Amid concurring opinions from industry analysts that the housing market hit bottom last year and is now in gradual recovery mode, the nation's debt ceiling debate brings unwelcome uncertainty.


The ""Center for American Progress (CAP) argues"": vehemently that neglecting to raise the debt ceiling would be detrimental to the housing recovery and the nation's economy as a whole.

""Not raising the debt ceiling quickly and unconditionally is economic malpractice that could derail a modest economic and jobs recovery,"" said Christian E. Weller, senior fellow at CAP in ""How the Debt Ceiling Fight Could Derail the Recovery.""

House Republicans conceded Friday to vote next week on a three-month extension of the debt limit. In return, they demand a budget that reduced spending.

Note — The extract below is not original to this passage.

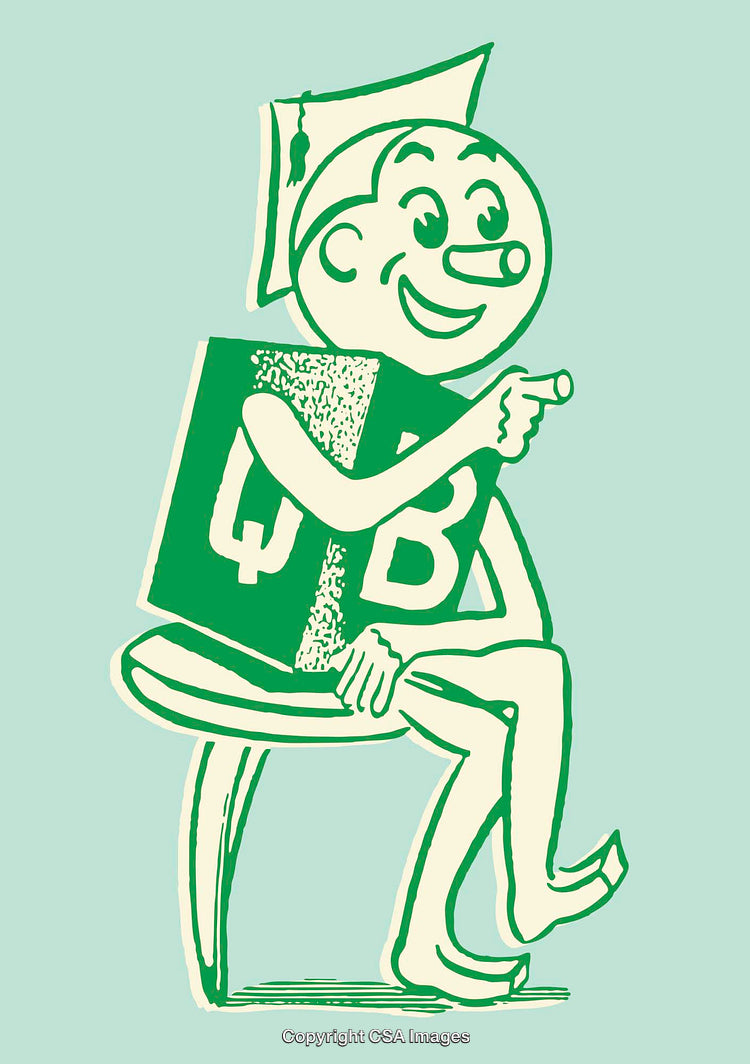 Whimsical Line Art Illustration of a Scholar Character in Graduation Cap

""We must pay our bills and responsibly budget for our future,"" said Majority Leader Eric Cantor (R-Virginia) in a statement Friday, according to the ""_Huffington Post._"":

Republicans ""will authorize a three month temporary debt limit increase to give the Senate and House time to pass a budget,"" he continued. ""Furthermore, if the Senate or House fails to pass a budget in that time, Members of Congress will not be paid by the American people for failing to do their jobs. No budget, no pay.""


Weller argues that if Congress were to refuse to raise the debt ceiling and, forcing the government to default on some of its debts, ""investors will likely lose faith in the government.""

The result will be higher interest rates for Treasury bonds, which will translate into higher interest rates for other U.S. securities.

In fact, Weller estimates a 0.5 percent increase in Treasury bond rates will render a 0.66 percentage point uptick in mortgage rates.

With affordability as a key driver in the housing recovery, an increase in interest rates could deter buyers.

Weller suggests a 0.66 percentage point increase in mortgage rates could prevent between 41,000 and 48,000 new home sales in one year.

This anticipated decline is ""equal to about two-thirds of the growth in new home sales seen in the 15 months from June 2011 to September 2012, when the housing market began its recovery,"" Weller stated.

While this decline would be bad for the housing market itself, Weller argues the broader economy would suffer as well.

""The housing market accounts for only 3 percent or 4 percent of total U.S. spending, but it has a disproportionate importance to economic recovery,"" Weller said.

The decline in home sales would prompt a reversal in the recent trend of rising prices in many markets across the country. Construction-related jobs would also take a hit, according to Weller.

Without raising the debt ceiling, the government could have reached the current debt ceiling as early as next month, and according to Weller, the negative impacts would be widespread, even if neglecting to raise the debt ceiling is temporary.